Here is just one example of why most newspaper reporters, including Paul Davidson of USA Today, should be ashamed to call themselves journalists. They never seem to have anything other than a fuzzy grasp on whatever it is they are reporting about. This statement leads consumers to think that HDTV has "clearer sound" than does non-HD sets, and nothing could be further from the truth. Other than the fact that there may be some sonic advantages to AC-3 and DD (which are also available completely apart from HDTV) but only if the program and station supports it and you have a decent audio system to reproduce it, the concept of "clearer sound" connected to HDTV is all but meaningless. As it works out, sound is pretty much a completely separate issue, and if you are buying HDTV for the "clearer sound", you will be even more disappointed than the folks he is referring to in his article. Not being clear about such things makes him part of the problem rather than part of the solution. There are about a dozen or so such fuzzy statements in this article alone.


----------



## TyroneShoes (Sep 6, 2004)

patonenow said:


> Until they broadcast and make tv's in 1080P to me it ain't nothing but almost fraud to call anything to date true HD...


You can certainly latch on to that opinion, but the commonly accepted definition of HD is conforming to either the 720p or 1080i standard. That would mean that the 1280x1080 transmissions from DTV do not meet the strict requirements, even though the resolution is the same in the H dimension as 720p and the same in the V dimension as 1080i.


----------



## jamesbobo (Jun 18, 2000)

You are not watching true HD until you get the new 2160p sets 10 years from now.


----------



## TyroneShoes (Sep 6, 2004)

Then I guess he'll just have to stick with that old Philco set until then.

I realize you're joking, but there actually is a HD movie system out there with 4096 scanning lines.


----------



## bpratt (Nov 20, 2004)

> I realize you're joking, but there actually is a HD movie system out there with 4096 scanning lines.


Not that I could afford.


----------



## flmgrip (Nov 26, 2003)

jamesbobo said:


> You are not watching true HD until you get the new 2160p sets 10 years from now.


exactly, but right now 720p is true HD. at least to me.

it will keep on changing as technology changes...



> Until they broadcast and make tv's in 1080P to me it ain't nothing but almost fraud to call anything to date true HD.

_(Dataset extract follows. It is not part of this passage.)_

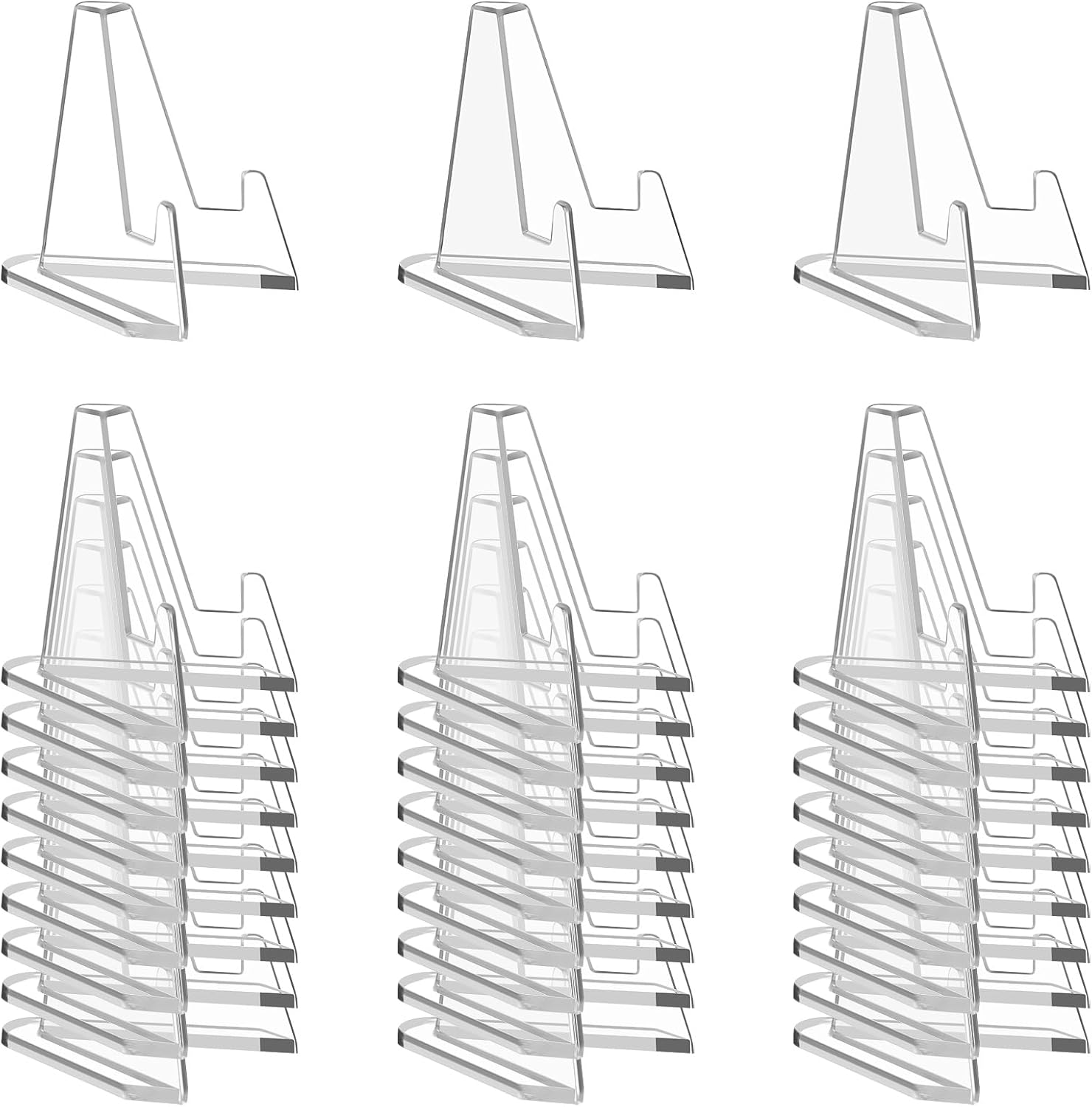 30 Pack Acrylic Card Display S - Graded Card Display avis et prix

dude get over it. relax and watch HD discovery...


----------



## pkscout (Jan 11, 2003)

TrueHD is a new marketing term the display manufacturer's have come up with to convince people to buy 1080p sets (even though there is no 1080p content). I guess they got at least one person to fall for it...


----------



## patonenow (Jul 22, 2005)

And I wonder WHO coined the term HD LITE?  
Seriously. I put that article for your perusal and I have nothing against HD. But it doesn.t blow me away and someday I will probably get one. But it may interest you to know I have tested right off the satellites with my big dishes and 4D HD TV receiver and with no compression from the little dish programmers there is a WORLD of difference. And that's with my 4 year old toshiba 32".
What I do have a problem with is many selling HD and not telling you all the facts. Then later as you know they will say NOW we got the real deal. And come out and buy it. Enjoy what you have and it will only get better in the future.


----------



## flmgrip (Nov 26, 2003)

patonenow said:


> And I wonder WHO coined the term HD LITE?
> Seriously. I put that article for your perusal and I have nothing against HD. But it doesn.t blow me away and someday I will probably get one. But it may interest you to know I have tested right off the satellites with my big dishes and 4D HD TV receiver and with no compression from the little dish programmers there is a WORLD of difference. And that's with my 4 year old toshiba 32".
> What I do have a problem with is many selling HD and not telling you all the facts. Then later as you know they will say NOW we got the real deal. And come out and buy it. Enjoy what you have and it will only get better in the future.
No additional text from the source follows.